Этнографы собирают также рассказы о юродивых и дурачках. Когда-то их было много в глухой Сельге, но теперь лишь старушки помнят о них. Нет больше. Не родятся.
О лености мысли и медвежьей неповоротливости минувшего века этнографы тоже собрали мешок всяких былей — смешных и печальных.
Ну, а вот этот случай — это какой век?
…В новой сележской пекарне выпал в печке кирпич. Пожарник тут как тут — составляет акт и опечатывает пекарню. Все по закону. В магазине шестой день нет хлеба. Продавец не виноват. Муку тоже не продают, хотя ее навалом в пекарне. Тут тоже — кого винить? Нужно чье-то разрешение. Без разрешения продавать муку из пекарни нельзя.

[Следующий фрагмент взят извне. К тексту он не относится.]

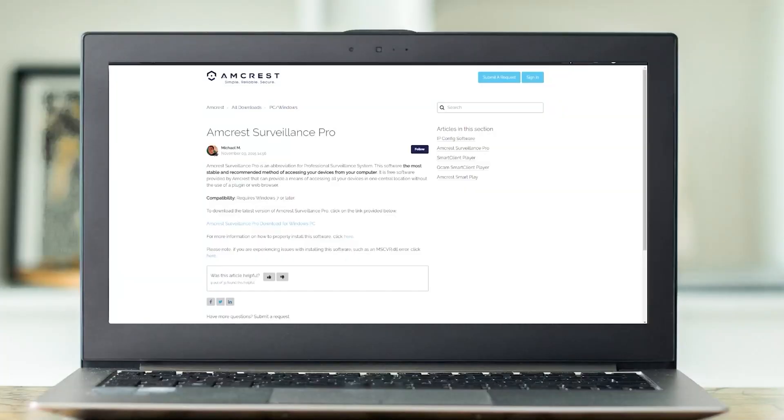Hello everyone, I'm going to show you how you can quickly and easily view your SmartHub Amcrest wireless cameras on your desktop.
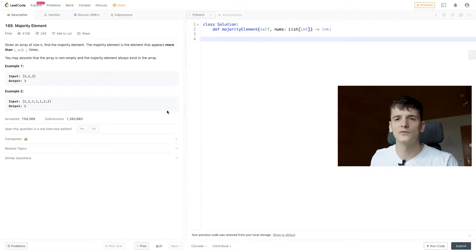What's up YouTube, today we're going to take a look at LeetCode problem number 169, majority element. Marked as easy, let's get into it.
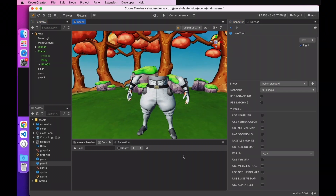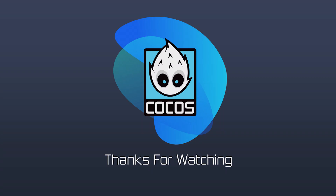We can see that different template values can be used to display different effects. The above content covers the template test and the depth test. Interested developers can add more combinations to achieve special effects. In the next video, we'll continue to explain blending testing and culling. See you in the next video.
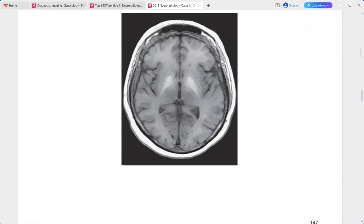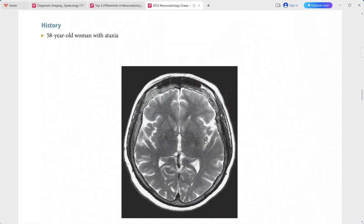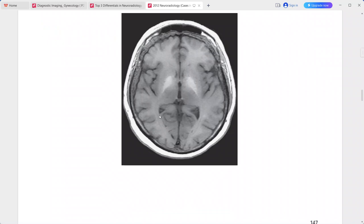Next is a 58-year-old woman presenting with ataxia. The T2-weighted image appears quite normal with no definite abnormality. However, on the T1 image, there is symmetric, abnormal, relatively uniform hyperintense signal within the globus pallidus bilaterally.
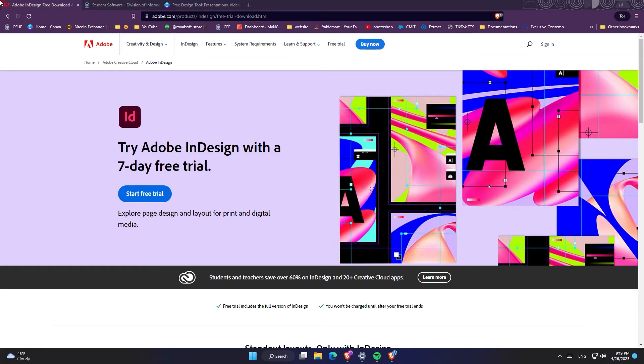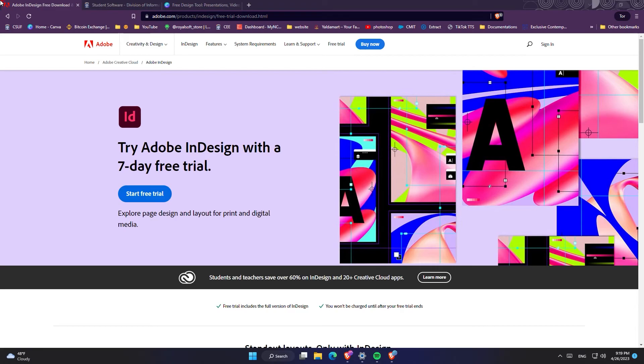The first method you can get Adobe InDesign for free is to do the 7-day free trial. In this free trial, everything including the updates are available and you can use all of the features of Adobe InDesign. The way you can get the free trial is through the website by clicking on start free trial or on the top on clicking on free trial page.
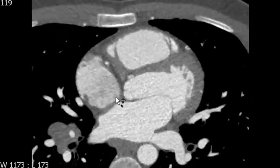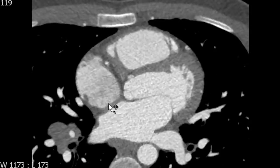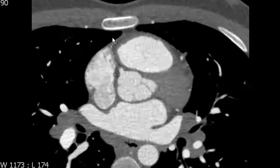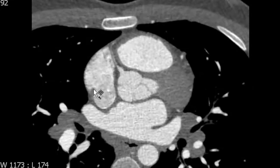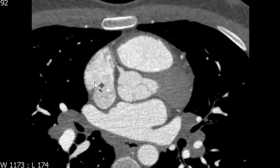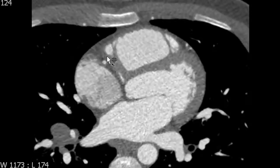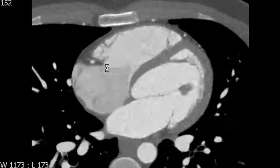There is a second portion of the right atrium that is more posterior and does not have any trabeculations. There is a thin ridge that acts as a landmark separating the smooth portion of the right atrium from the trabeculated portion. The smooth portion of the right atrium is also known as the sinus venosus.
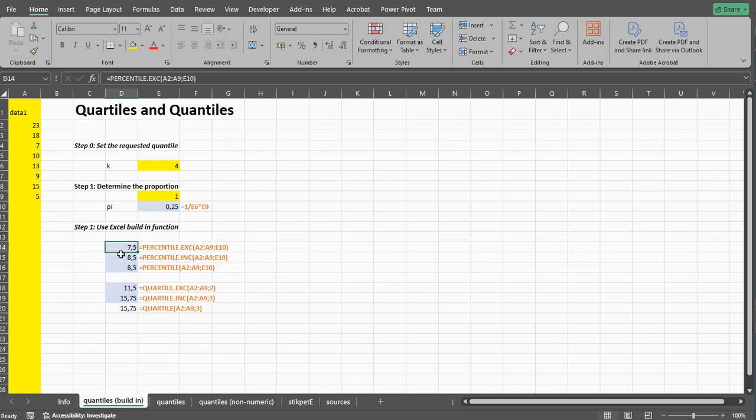With larger data sets the difference is usually not that big. With small data sets it can have a difference. And besides the two versions that Excel has, there are actually a lot of other methods as well. In another video I'll show you how you can do about 20 different options.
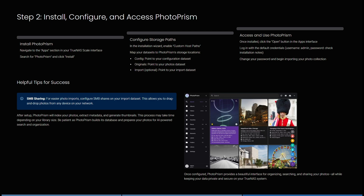Then you can access and use PhotoPRISM. Once it's installed, you can just click on the open button in the apps interface, log in with your credentials, and then of course change your password and begin importing your photo collection.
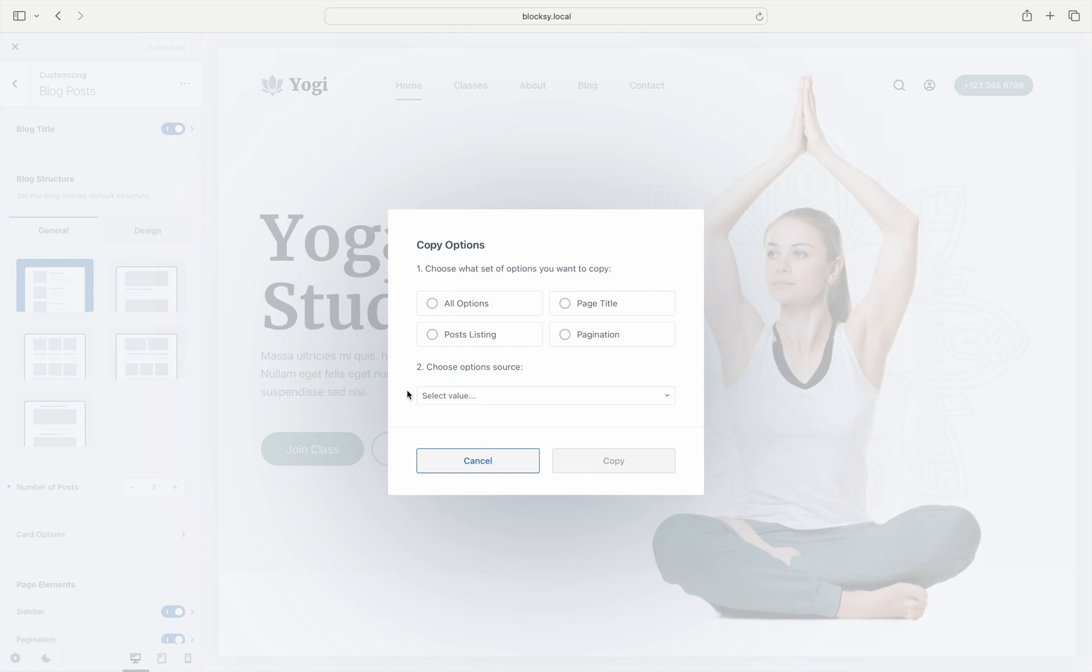Both archive and singular settings are supported, while the source and destination can be any kind of standard post types, including custom-created ones. Since we are on the archive settings pane, we get four choices for the set of options that can be copied.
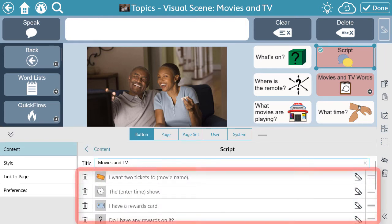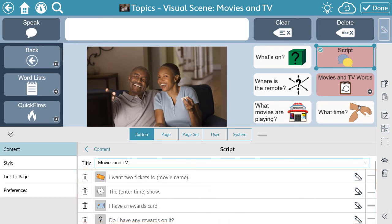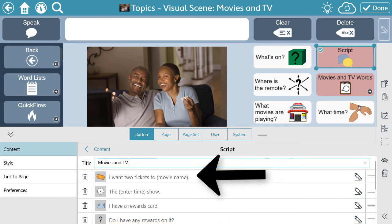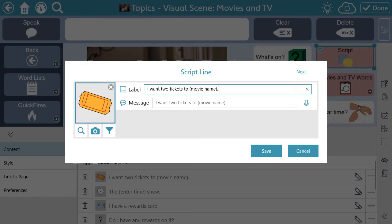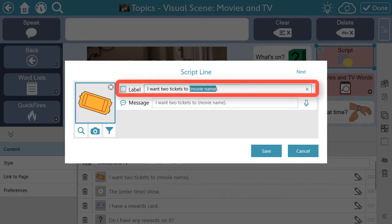Here, we can see each line of the script laid out. Select a line of the script, add the missing information, or edit the script completely to better fit your needs.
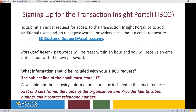To submit an initial request for access to the Transaction Insight Portal, or to add additional users, and to reset passwords, providers can submit an email request to EDI Customer Support at azahcccs.gov. Password resets will be done within an hour, and you will receive an email notification with a new password.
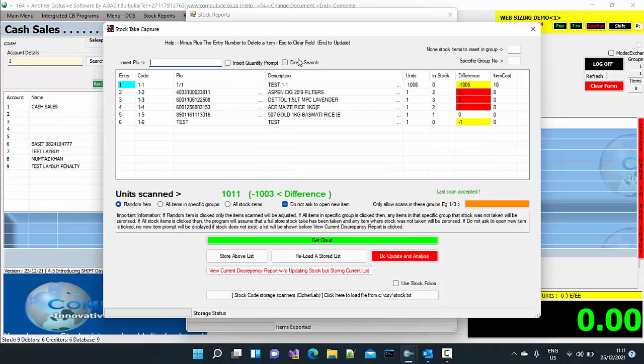So direct search is, you want to search direct search if you want to search by description. If you want to search by PLU code or by the reference code, you can put direct search on.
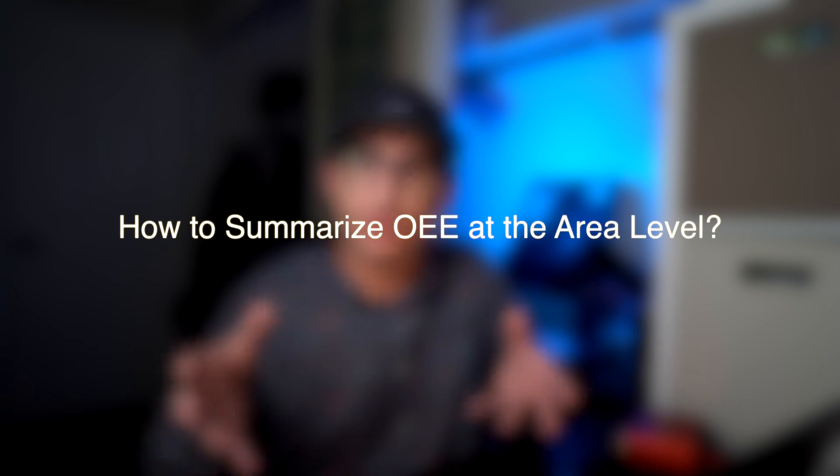So you want to calculate OEE, but you want to know how do you aggregate or summarize OEE from all of your lines? How do you summarize it for the area level, the plant level, and your enterprise level? Well in this video we're going to show you how to do it, how not to do it, and we're going to dive into that. Make sure you stay tuned and we're going to get into the screen share right now.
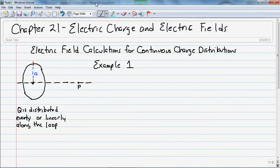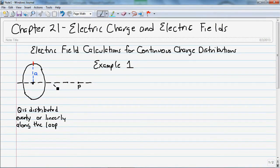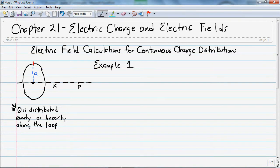In our first example of a charge distribution, we want to find the electric field. We have a loop that is centered around the x-axis, and we want to know the electric field at some point x from the origin. The loop has a radius of a, and the charge q is distributed evenly along this loop. If we take all the little differential parts and add them up, it comes to some value q.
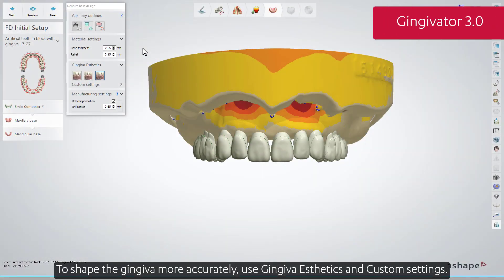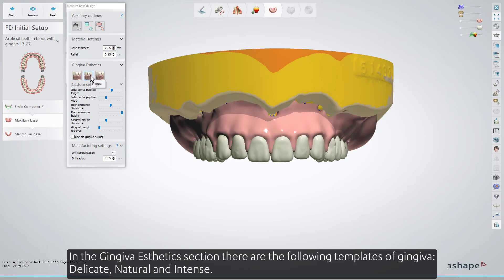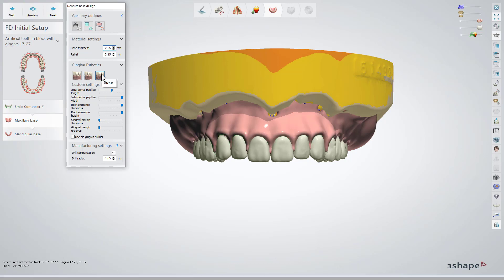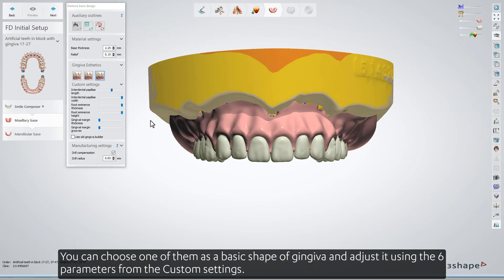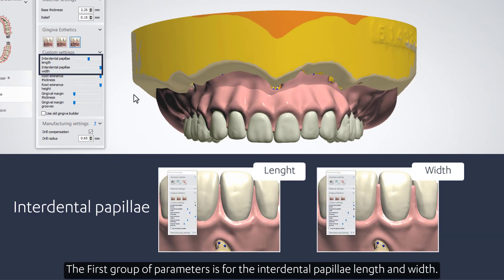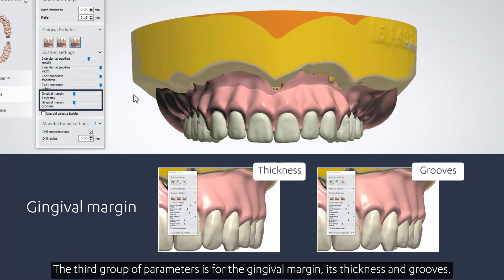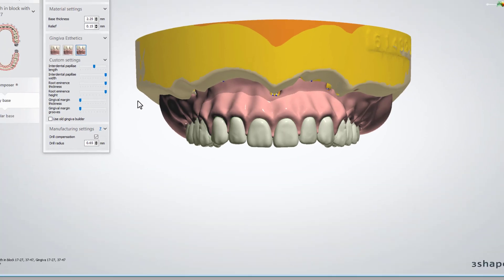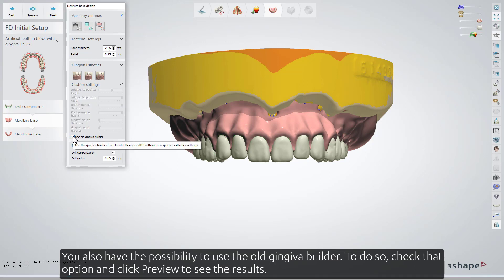To shape the gingiva more accurately, use Gingiva Aesthetics and Custom Settings. In the Gingiva Aesthetics section, there are the following templates: Delicate, Natural, and Intense. Whenever you wish to see the results, click Preview to generate the base. You can choose one as the basic shape of the gingiva and adjust it using the custom settings parameters. The first group is for the interdental papillae length and width; the second for root eminence thickness and height; and the third for gingival margin thickness and grooves. You also have the option to use the old gingiva builder — check that option and click Preview to see the results.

Привезли, наконец, хлеб из поселка Гумарино — по буханке на семью. Некоторыми это было расценено как инициатива и находчивость. Я решил узнать, почему все-таки не поставят другой кирпич на место выпавшего?
Оказывается, сельповцы, председатель сельского Совета и другое начальство никак не могут договориться между собой: кто из них виноват, что Сельга сидит без хлеба, и кто должен дать деньги на ремонт печки. Шестой день они спорят также и о том, что, может, вообще не стоит ремонтировать эту злополучную печку, из которой выпал кирпич, а застеклить окна в старой пекарне и туда перевести пекарей… В Сельге не одна, а две пекарни.
Пока они до умопомрачения спорят, приходится обедать с сухарями. В некоторых семьях и сухарей нет.
Ой, леность ума и медвежья неповоротливость, до чего же вы, окаянные, живучи!
Учителя Пуукконена увезли в больницу. Это было неожиданностью для Сельги. И только сейчас все увидели, что неутомимый и добрый Иван Семенович всю жизнь работал, не думая о себе, до полного износа.
Через неделю я поехал к нему в больницу. Иван Семенович встретил меня словами:
— Прошусь, чтоб выписали.
В глазах учителя блестела смешинка, и они не были такими усталыми, как обычно, и вообще у Ивана Семеновича вид отдохнувшего человека. На стуле горкой лежали книги и раскрытая тетрадь, в которую он заносил план своей очередной беседы с лесорубами и сплавщиками.
— Где у вас эта постыдная бумажка?
Когда за ним приехала «Скорая помощь», тайком от жены он написал на всякий случай записку: в каких организациях взять справки на пенсию для детей.
— Как велели, — сказал я, радуясь, что ему лучше, — передали директору школы.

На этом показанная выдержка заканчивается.